The Future Of Offset
Will toner-based printing make offset obsolete? No way, say the offset experts. Offset will transform into a more user-friendly, more digital process.
With the final year of the 20th century now well underway, offset press venders are beginning to turn their thoughts toward the future—and it's not as far off as you might think.
For some time, the industry has been beset with hushed voices forecasting the potential demise of offset due to intense competition from digital printing. Not so fast, offset venders insist. The next few years, they say, will bring about new generations of presses so technologically advanced, convenient and attractively priced that successful printing operations will find it difficult not to incorporate them.
"We're looking at a totally automated machine, with a redesign of the inking and dampening system, whether it shifts to waterless or we stick to conventional inks and chemicals," reveals Jon Surch, press products manager at Sakurai USA.
"I think the last holdout of the old offset press will be the inking and dampening system," he continues. "For the longest time we had manual plating, then automatic plate changers, then we went to automatic perfector changeovers and automatic washing systems. Now the basic design of the press has to change in order for the technology leap to make it to the next level."

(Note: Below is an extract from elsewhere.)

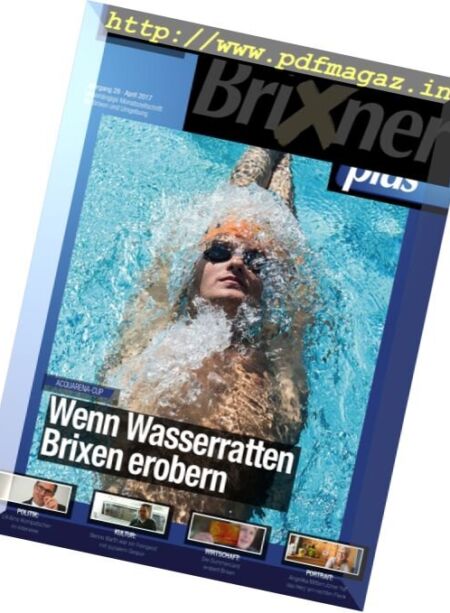 Brixner Plus – April 2017 Cover
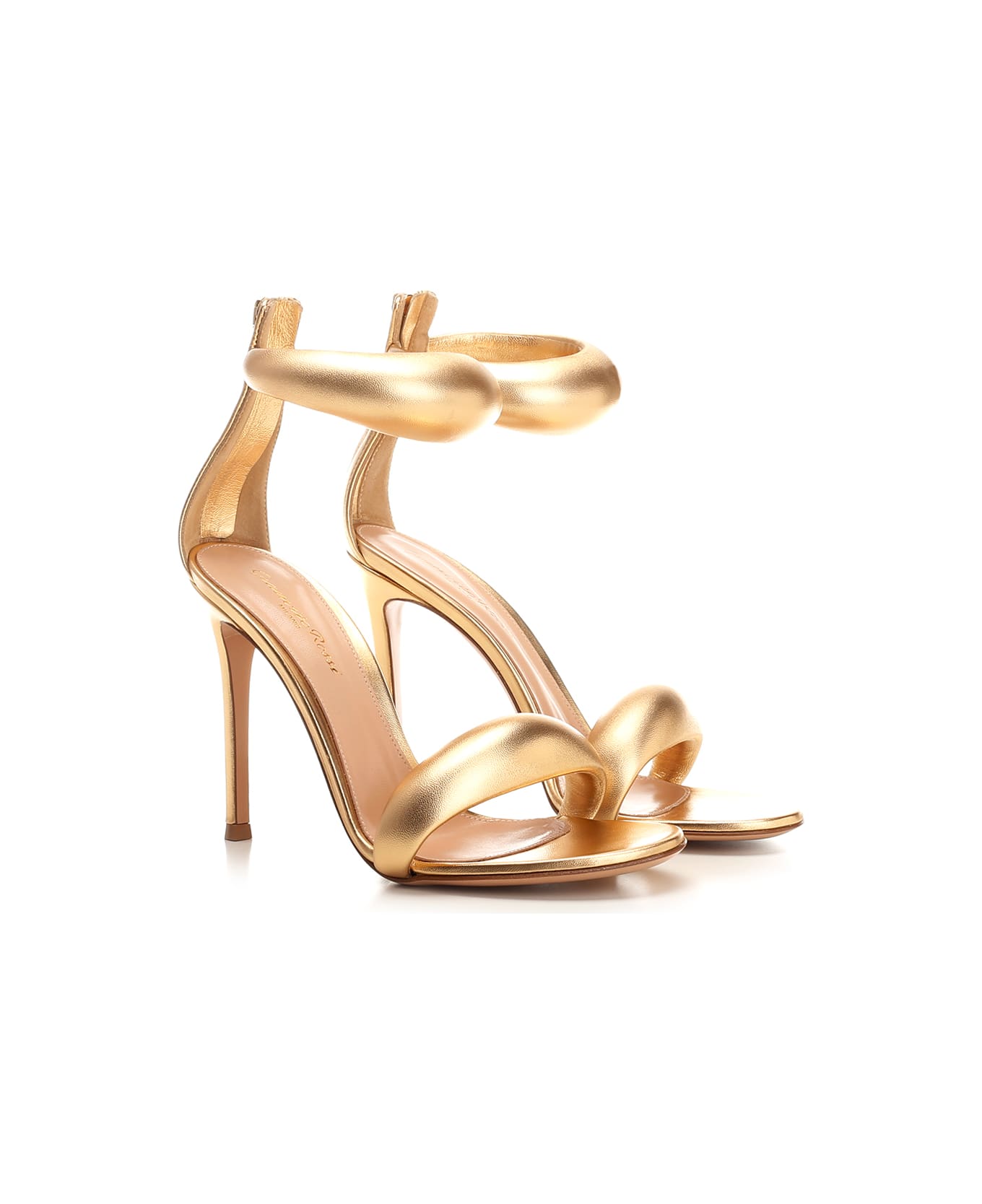 Gianvito Rossi 'bijoux' Padded Strap Sandals - Meko Mekong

Rudy Valenta, manager of corporate sales at MAN Roland, agrees.
"The press of 10 years from now will have higher speeds—maybe the same amount of automation, but you'll see a lot of voice recognition," he says. "You will also see total networking, especially with in-plants, where all the files could be sent right to the in-plant."
Such forecasts may initially seem like a haphazard glance into the crystal ball. Most venders, however, note that it's more like a natural progression necessary for the industry to maintain its success than a venture into the realm of Nostradamus.